**Your task:**
Output each line of the material exactly as it stands.

**Records provided:**

* * * * *

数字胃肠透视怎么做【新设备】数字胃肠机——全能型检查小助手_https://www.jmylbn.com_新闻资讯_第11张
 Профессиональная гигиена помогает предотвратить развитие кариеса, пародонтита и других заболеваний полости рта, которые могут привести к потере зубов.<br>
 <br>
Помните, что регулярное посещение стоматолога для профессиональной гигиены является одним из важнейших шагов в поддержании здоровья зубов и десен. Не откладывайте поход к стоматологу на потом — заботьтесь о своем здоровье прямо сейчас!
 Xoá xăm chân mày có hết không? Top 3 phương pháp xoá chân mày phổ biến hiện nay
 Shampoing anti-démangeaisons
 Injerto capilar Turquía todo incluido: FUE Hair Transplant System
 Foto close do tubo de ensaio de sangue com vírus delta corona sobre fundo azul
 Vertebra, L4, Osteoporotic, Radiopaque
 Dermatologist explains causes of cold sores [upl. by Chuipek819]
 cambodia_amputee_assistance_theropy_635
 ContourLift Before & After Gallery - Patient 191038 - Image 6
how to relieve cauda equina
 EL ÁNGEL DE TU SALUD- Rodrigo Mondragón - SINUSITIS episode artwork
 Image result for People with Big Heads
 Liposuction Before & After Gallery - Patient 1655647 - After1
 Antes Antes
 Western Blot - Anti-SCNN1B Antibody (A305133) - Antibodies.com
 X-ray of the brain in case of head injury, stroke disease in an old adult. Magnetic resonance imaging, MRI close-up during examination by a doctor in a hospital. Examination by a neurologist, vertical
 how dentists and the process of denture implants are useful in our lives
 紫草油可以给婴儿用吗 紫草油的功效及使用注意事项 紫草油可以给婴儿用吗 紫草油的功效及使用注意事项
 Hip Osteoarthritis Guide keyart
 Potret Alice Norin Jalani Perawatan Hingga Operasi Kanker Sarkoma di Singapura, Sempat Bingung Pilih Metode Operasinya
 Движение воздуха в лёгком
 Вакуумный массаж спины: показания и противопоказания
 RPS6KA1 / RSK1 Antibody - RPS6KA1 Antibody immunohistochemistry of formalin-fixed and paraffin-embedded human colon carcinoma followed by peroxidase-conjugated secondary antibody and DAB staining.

* * * * *

**Solved problem:**
数字胃肠透视怎么做【新设备】数字胃肠机——全能型检查小助手_https://www.jmylbn.com_新闻资讯_第11张
 Профессиональная гигиена помогает предотвратить развитие кариеса, пародонтита и других заболеваний полости рта, которые могут привести к потере зубов.<br>
 <br>
Помните, что регулярное посещение стоматолога для профессиональной гигиены является одним из важнейших шагов в поддержании здоровья зубов и десен. Не откладывайте поход к стоматологу на потом — заботьтесь о своем здоровье прямо сейчас!
 Xoá xăm chân mày có hết không? Top 3 phương pháp xoá chân mày phổ biến hiện nay
 Shampoing anti-démangeaisons
 Injerto capilar Turquía todo incluido: FUE Hair Transplant System
 Foto close do tubo de ensaio de sangue com vírus delta corona sobre fundo azul
 Vertebra, L4, Osteoporotic, Radiopaque
 Dermatologist explains causes of cold sores [upl. by Chuipek819]
 cambodia_amputee_assistance_theropy_635
 ContourLift Before & After Gallery - Patient 191038 - Image 6
how to relieve cauda equina
 EL ÁNGEL DE TU SALUD- Rodrigo Mondragón - SINUSITIS episode artwork
 Image result for People with Big Heads
 Liposuction Before & After Gallery - Patient 1655647 - After1
 Antes Antes
 Western Blot - Anti-SCNN1B Antibody (A305133) - Antibodies.com
 X-ray of the brain in case of head injury, stroke disease in an old adult. Magnetic resonance imaging, MRI close-up during examination by a doctor in a hospital. Examination by a neurologist, vertical
 how dentists and the process of denture implants are useful in our lives
 紫草油可以给婴儿用吗 紫草油的功效及使用注意事项 紫草油可以给婴儿用吗 紫草油的功效及使用注意事项
 Hip Osteoarthritis Guide keyart
 Potret Alice Norin Jalani Perawatan Hingga Operasi Kanker Sarkoma di Singapura, Sempat Bingung Pilih Metode Operasinya
 Движение воздуха в лёгком
 Вакуумный массаж спины: показания и противопоказания
 RPS6KA1 / RSK1 Antibody - RPS6KA1 Antibody immunohistochemistry of formalin-fixed and paraffin-embedded human colon carcinoma followed by peroxidase-conjugated secondary antibody and DAB staining.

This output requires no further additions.